### Source information
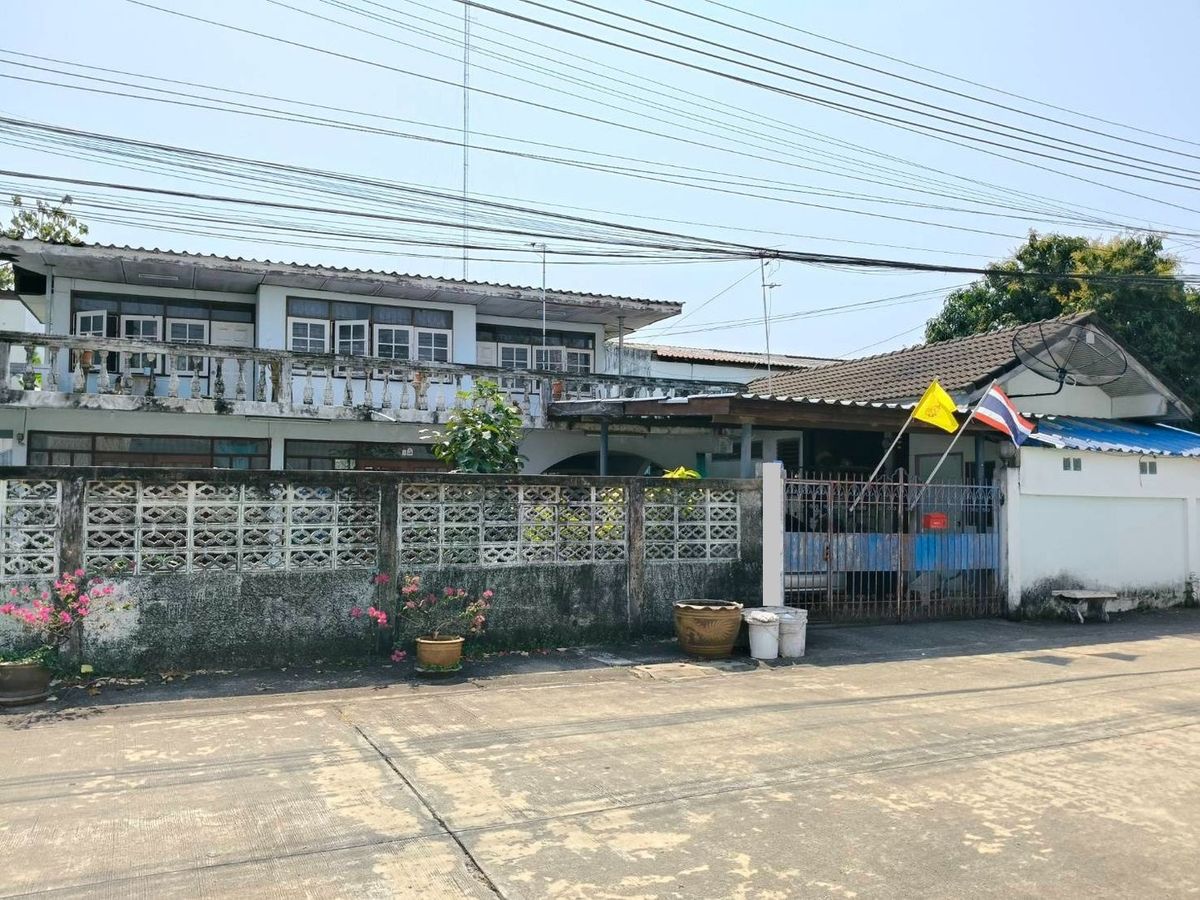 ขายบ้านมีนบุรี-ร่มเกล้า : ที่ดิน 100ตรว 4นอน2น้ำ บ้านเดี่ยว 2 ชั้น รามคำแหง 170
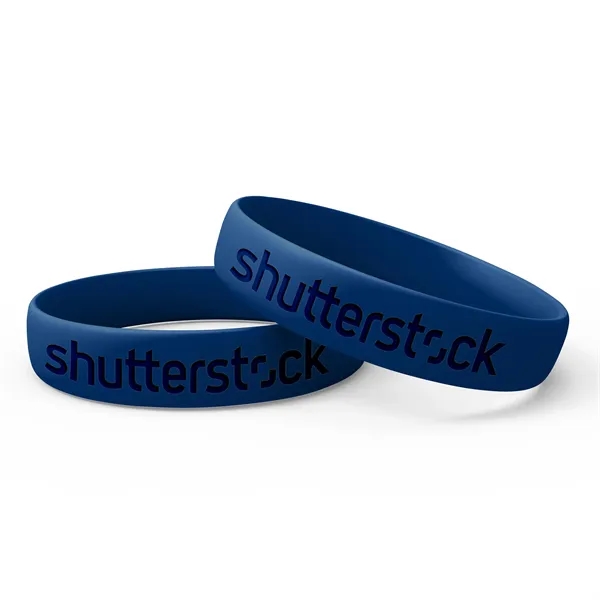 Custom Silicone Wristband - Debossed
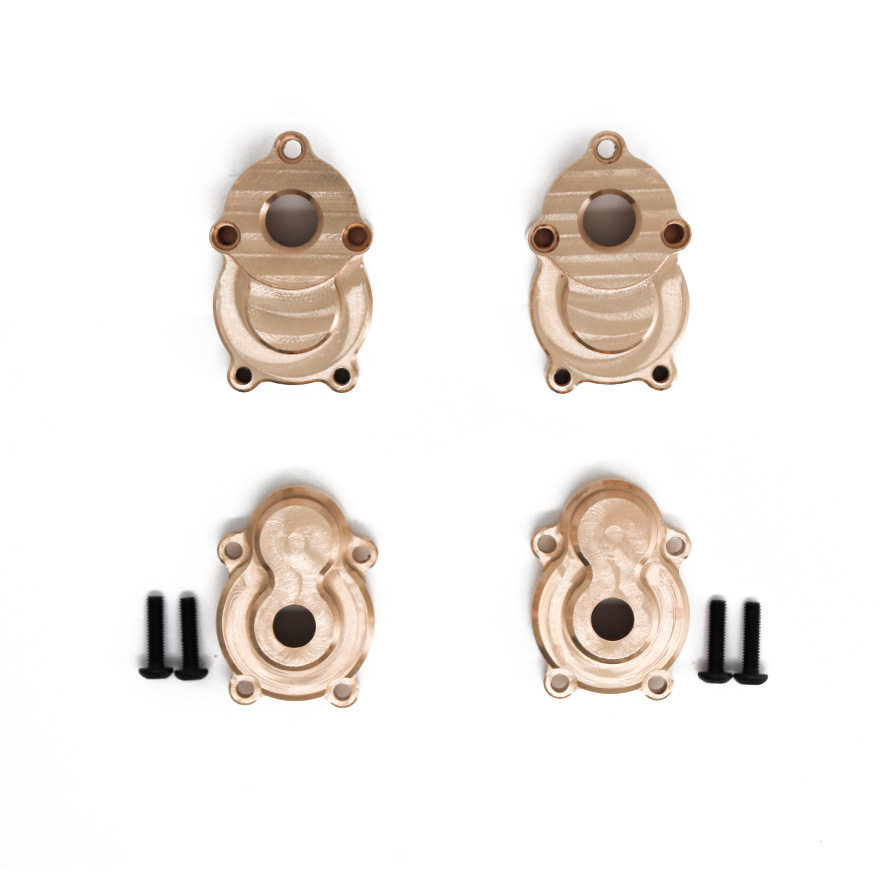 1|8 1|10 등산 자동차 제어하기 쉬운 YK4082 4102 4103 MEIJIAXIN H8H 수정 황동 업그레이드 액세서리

...

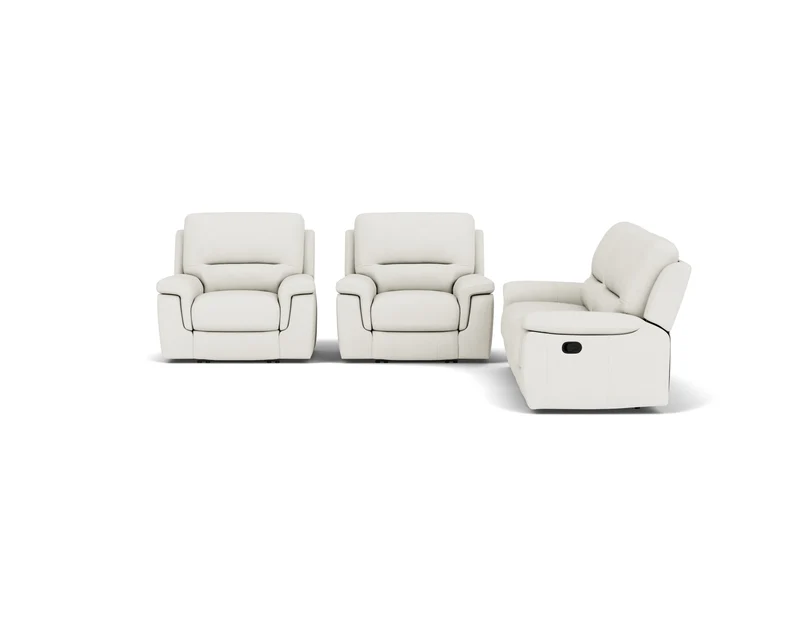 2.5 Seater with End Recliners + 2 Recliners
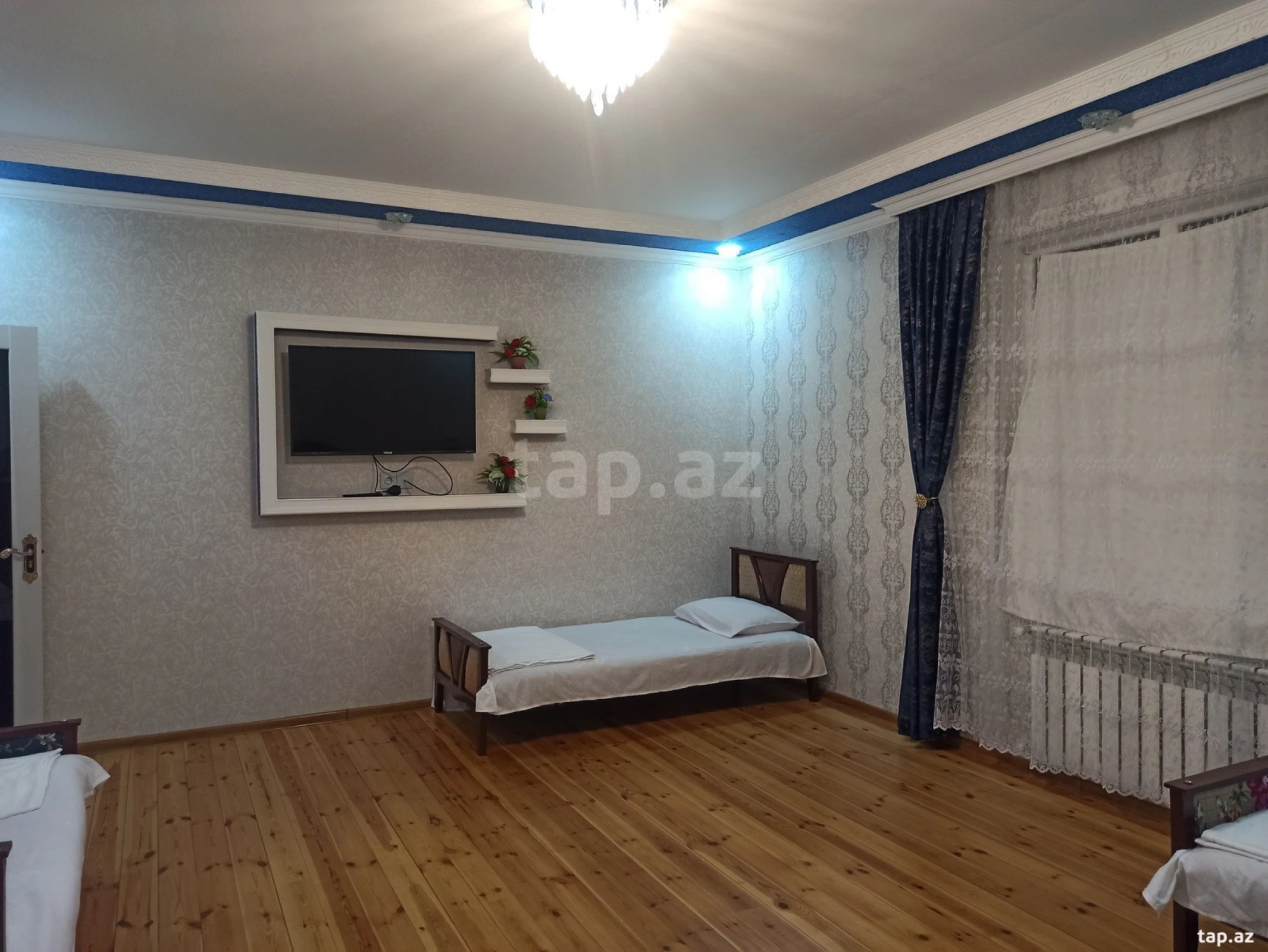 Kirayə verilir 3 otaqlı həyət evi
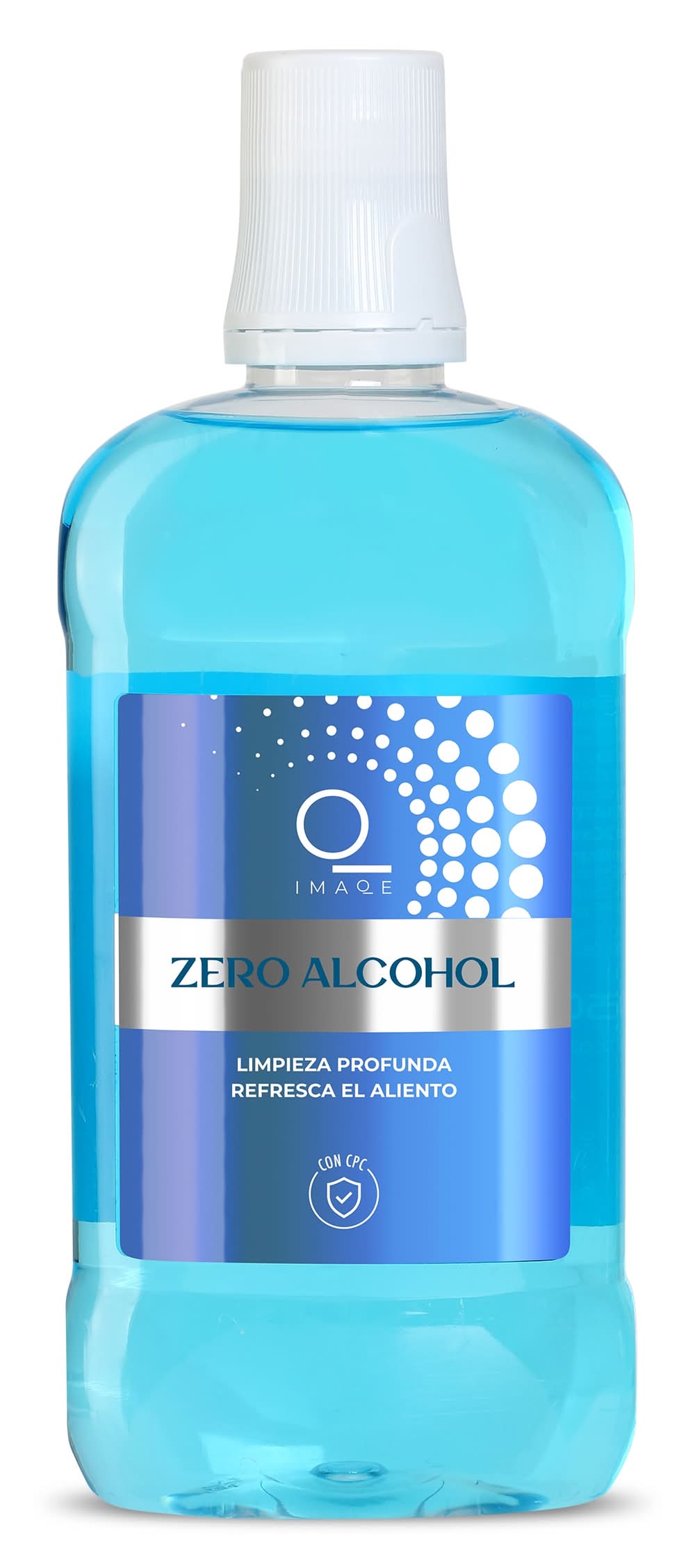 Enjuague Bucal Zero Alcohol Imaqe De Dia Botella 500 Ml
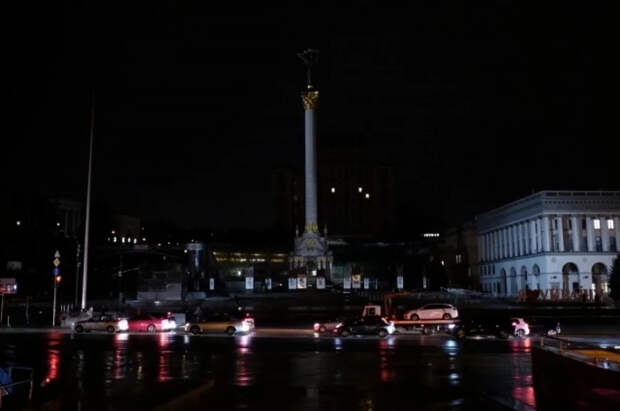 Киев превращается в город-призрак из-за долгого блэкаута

...

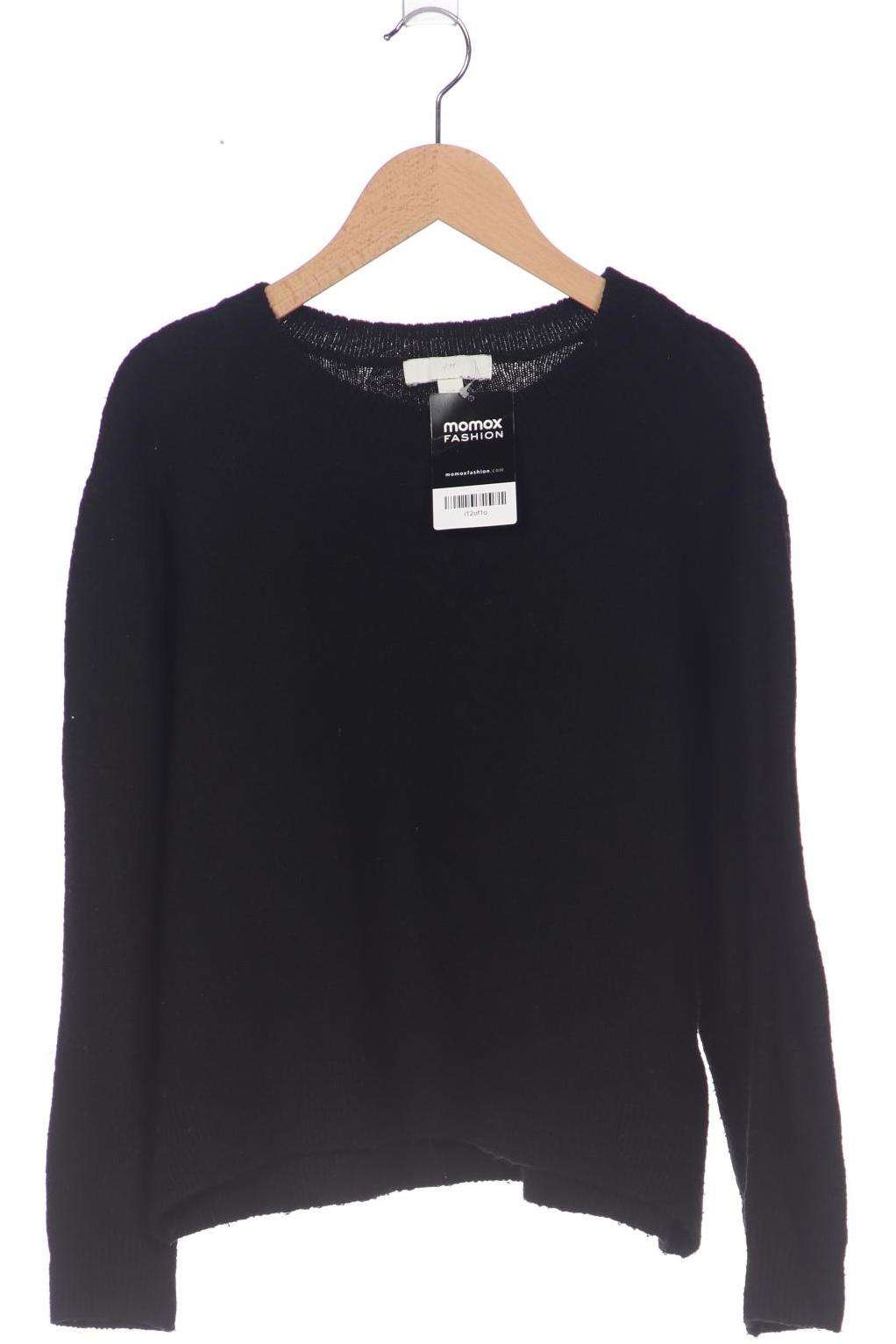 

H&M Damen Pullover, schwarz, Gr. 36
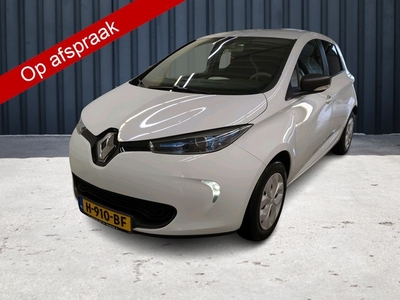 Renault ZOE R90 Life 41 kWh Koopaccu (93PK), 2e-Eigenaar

### Task brief
Print an exact copy of the lines above, from the one containing "ขายบ้านมีนบุรี-ร่มเกล้า : ที่ดิน" through the one containing "1|8 1|10 등산", and leave out the pictures.

### Completed task
 ขายบ้านมีนบุรี-ร่มเกล้า : ที่ดิน 100ตรว 4นอน2น้ำ บ้านเดี่ยว 2 ชั้น รามคำแหง 170
 Custom Silicone Wristband - Debossed
 1|8 1|10 등산 자동차 제어하기 쉬운 YK4082 4102 4103 MEIJIAXIN H8H 수정 황동 업그레이드 액세서리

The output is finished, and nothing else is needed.